Scraped caption text data

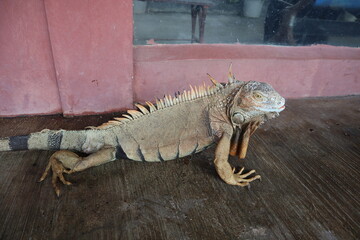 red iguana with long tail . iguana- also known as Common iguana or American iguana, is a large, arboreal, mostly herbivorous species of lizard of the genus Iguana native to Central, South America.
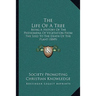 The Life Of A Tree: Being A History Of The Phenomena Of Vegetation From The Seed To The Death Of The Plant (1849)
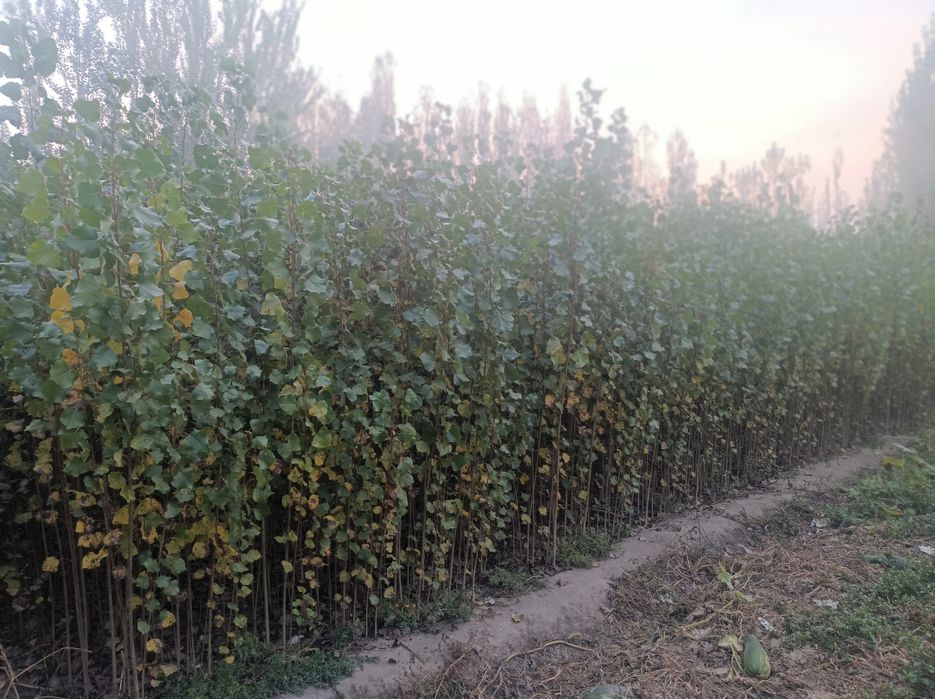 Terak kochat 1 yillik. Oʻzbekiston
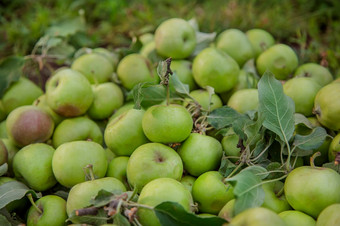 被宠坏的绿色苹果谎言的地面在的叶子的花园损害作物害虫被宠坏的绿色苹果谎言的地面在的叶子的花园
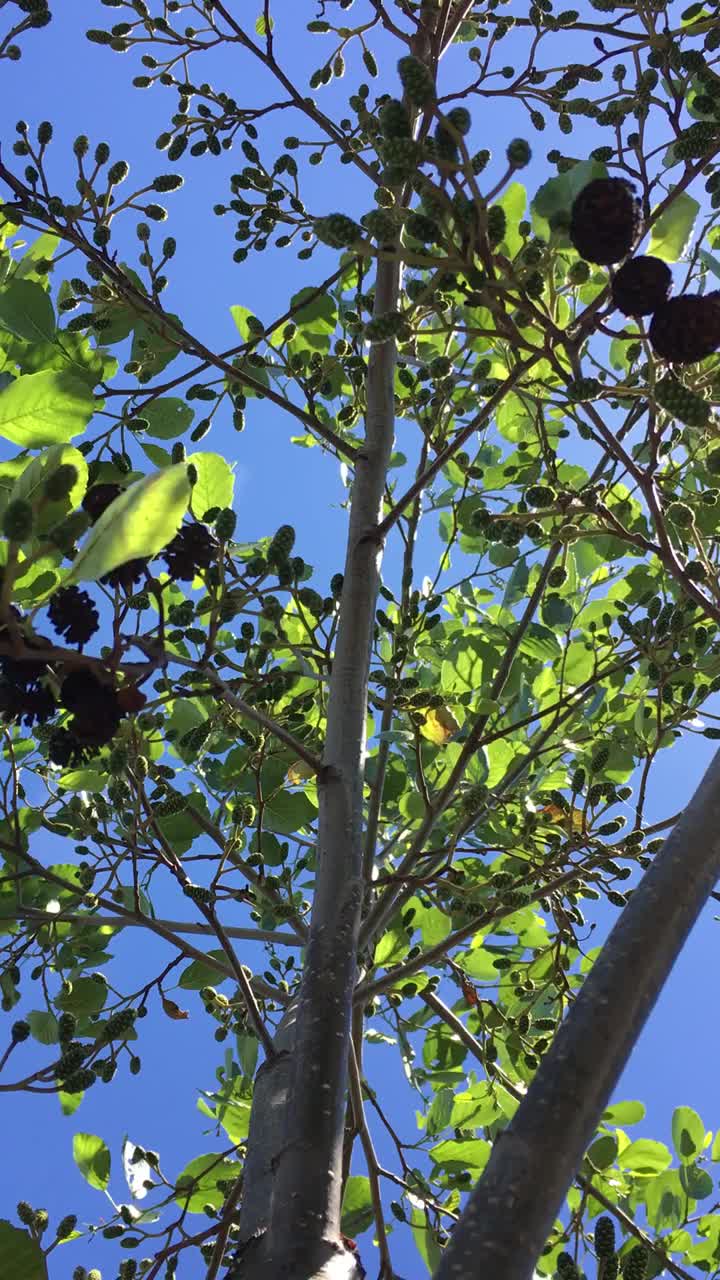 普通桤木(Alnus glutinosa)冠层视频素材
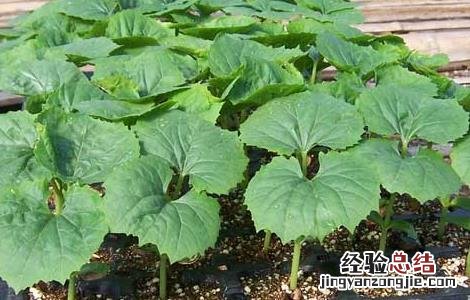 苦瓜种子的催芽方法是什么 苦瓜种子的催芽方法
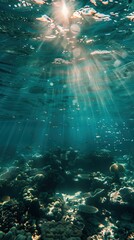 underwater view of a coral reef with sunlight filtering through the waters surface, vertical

PROBLEM STATEMENT:
Above are the records; repeat them all exactly, without the pictures.

SOLUTION TO THE EXERCISE:
 red iguana with long tail . iguana- also known as Common iguana or American iguana, is a large, arboreal, mostly herbivorous species of lizard of the genus Iguana native to Central, South America.
 The Life Of A Tree: Being A History Of The Phenomena Of Vegetation From The Seed To The Death Of The Plant (1849)
 Terak kochat 1 yillik. Oʻzbekiston
 被宠坏的绿色苹果谎言的地面在的叶子的花园损害作物害虫被宠坏的绿色苹果谎言的地面在的叶子的花园
 普通桤木(Alnus glutinosa)冠层视频素材
 苦瓜种子的催芽方法是什么 苦瓜种子的催芽方法
 underwater view of a coral reef with sunlight filtering through the waters surface, vertical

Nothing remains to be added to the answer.